Canada’s bank regulator plans to better protect the country’s financial system by limiting how much homeowners can borrow against the value of their homes.
The main target for the Office of the Superintendent of Financial Institutions is the popular readvanceable mortgage, or combined loan plan (CLP), in which a traditional mortgage is combined with a line of credit that increases in size as a customer pays down mortgage principal.
For months, the regulator has called out highly leveraged CLP borrowers for creating vulnerabilities for the financial system. The regulator considers borrowers risky if they owe their lender more than 65 per cent of the value of the home, also known as a loan-to-value (LTV) ratio.
The ratio is a key metric used to assess risk in the financial system, and an LTV above the threshold represents a level of indebtedness that could pose problems for lenders.
OSFI said the most significant concern with the CLPs is when a borrower’s home equity line of credit, or HELOC, continues to grow when the borrower’s LTV is above 65 per cent.
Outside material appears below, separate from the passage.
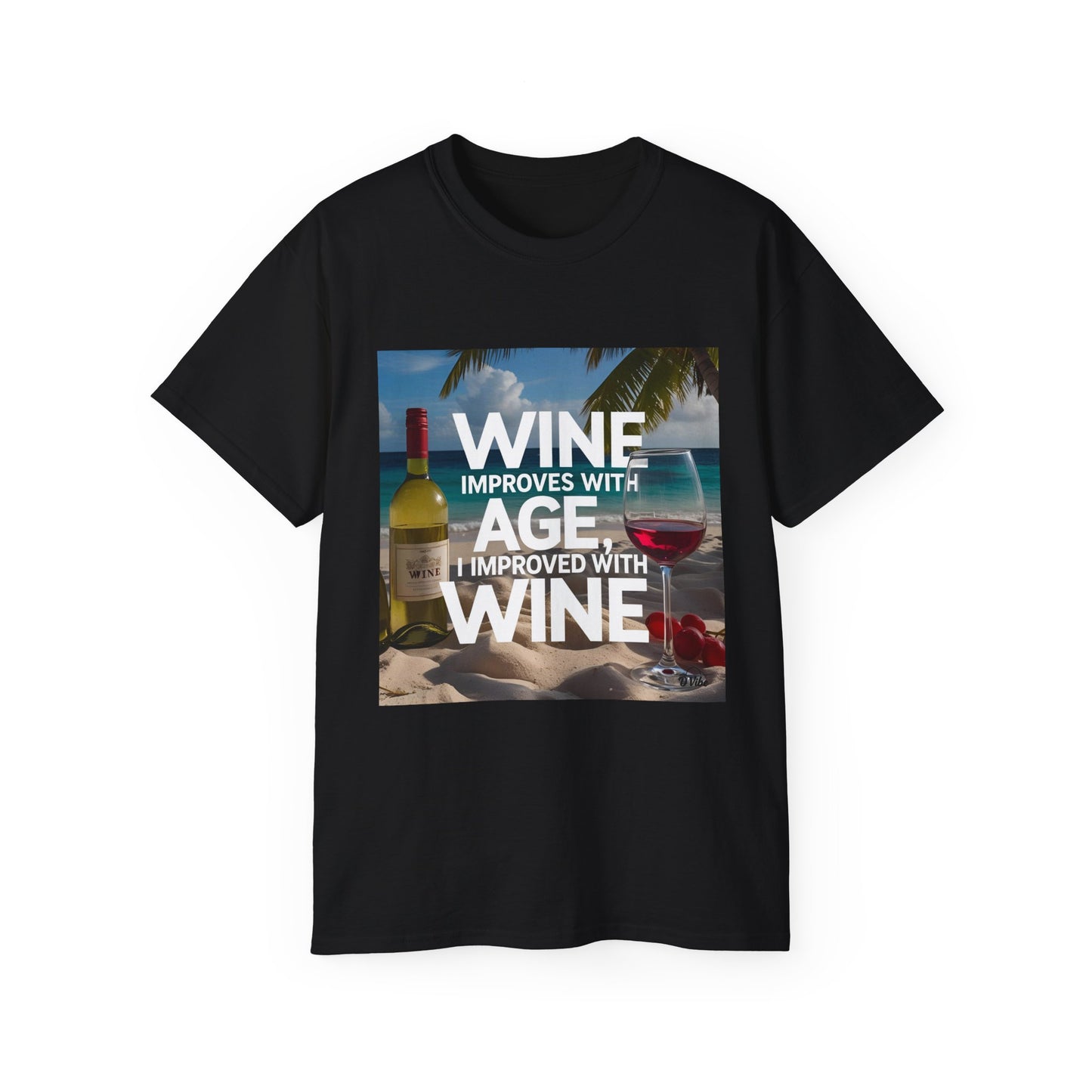 Wine Improves with Age Unisex Ultra Cotton Tee | Fun Gift for Wine Lovers, Birthday Shirt, Casual Wear, Summer Outfit, Wine [...]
“Products structured in this way could lead to greater persistence of outstanding balances and increase risks to lenders and households,” OSFI said in a news release announcing the changes.
Under current rules, as soon as borrowers make a mortgage principal payment, they can immediately reborrow the same amount from their HELOC, and that HELOC can increase to as much as 65 per cent of the value of the home. The entire loan cannot exceed an LTV of 80 per cent.
OSFI’s new rule for readvanceable mortgages will not allow that reborrowing unless the entire mortgage has an LTV ratio below 65 per cent. That means that when borrowers pay down the mortgage principal, they may not be able to reborrow that amount immediately.
The mortgage industry said the changes would have little to no impact on the financial system, given that most lenders are already limiting borrowers once they reach the 65 per cent threshold.
“Today’s advisory seems to be an announcement of the way things are already generally being done at those financial institutions OSFI regulates – a public announcement of an existing best practice,” said J.P. Boutros, director of government relations at mortgage lobby group Mortgage Professionals Canada.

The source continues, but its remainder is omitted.